Paco mi racconta che anche lui è stato sposato con una donna svizzera che aveva l’età di sua madre. Si erano conosciuti quando lui era molto giovane. E per qualche anno è stato il suo giocattolo, da usare come e quanto lei voleva. Alla fine la convivenza era diventata impossibile e Paco l’ha lasciata. Lei ha iniziato a tormentarlo, minacciando di suicidarsi, finché Paco è riuscito farle conoscere un suo amico.
La sera facciamo un giro anche per i vari locali di ritrovo e posso constatare come ce ne siano davvero per tutti: locali per omosessuali, locali per uomini in cerca di donne e per donne in cerca di uomini. Osservo quelli che potrebbero essere miei nonni e nonne. E tanti italiani. La chiamano trasgressione semplice. Con pochi dollari fai quello che vuoi. Fuori dai locali molti ragazzini, non avendo soldi per entrare, cercano di imitare i loro «modelli», provando a sedurre chiunque passi.
Generazioni di ragazzi e ragazze crescono seguendo questi modelli come dei valori. «Il Senegal non era così.

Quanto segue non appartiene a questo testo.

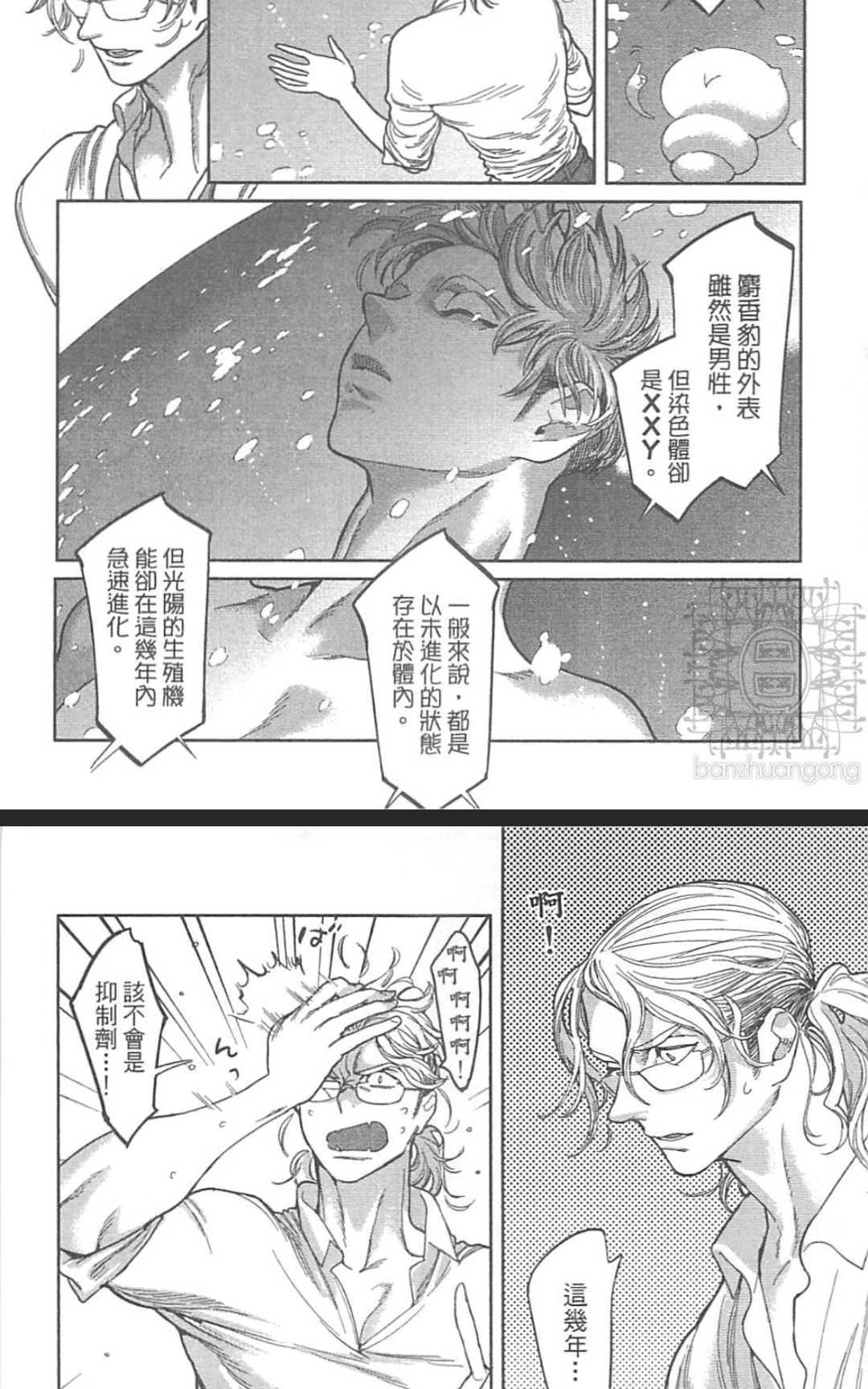 《ROMEO罗密欧》漫画最新章节 第2卷 免费下拉式在线观看章节第【101】张图片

Non c’è nemmeno voglia di sacrificio, di lavoro – mi spiega Rosalie -. Il pensiero dominante è farsi mantenere da parenti all’estero o da donne e uomini bianchi. Certo, non siamo tutti così, ma credimi, le percentuali sono diventate altissime, soprattutto nelle grandi città. Questa concezione del gigolo senegalese poi, non fa che rafforzare il potere dell’uomo in generale».

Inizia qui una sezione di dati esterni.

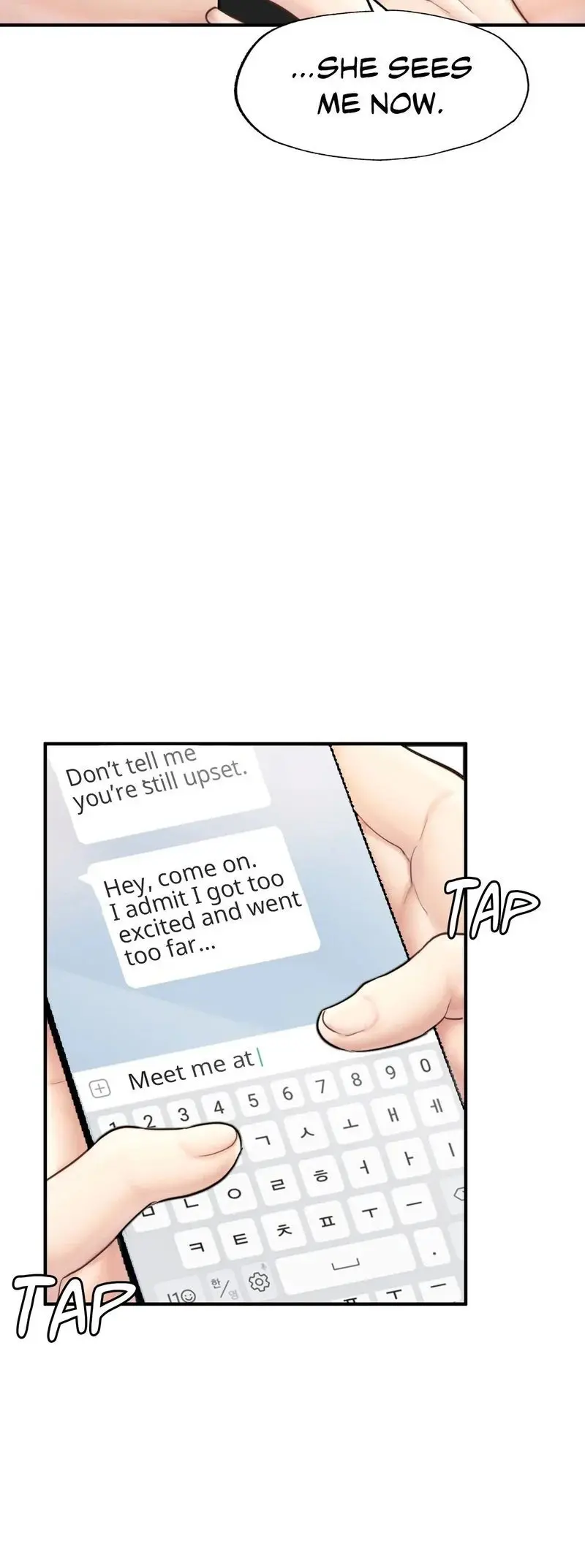 Ordinary To Alpha Chapter 17 - Page 14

Non voglio concludere questa mia esperienza descrivendo solo realtà negative: il Senegal, come l’Africa in generale, è sinonimo di luce, musica, arte, spiagge, isole bellissime, gente cordiale. Tale genere di turismo non è affatto da generalizzare. Sono innumerevoli le organizzazioni e le inziative che promuovono il turismo responsabile in molte parti del Senegal. Iniziative che, unite a politiche e campagne del governo riescono a promuovere lo sviluppo del paese e ad arginare certi drammi come la diffusione dell’aids, diventato una pandemia in altri stati africani.
L’economia progredisce. Grazie alla creazione di infrastrutture, banche inteazionali, autostrada… il Senegal continua ad attirare molti investitori: con l’augurio che non siano tutti cinesi.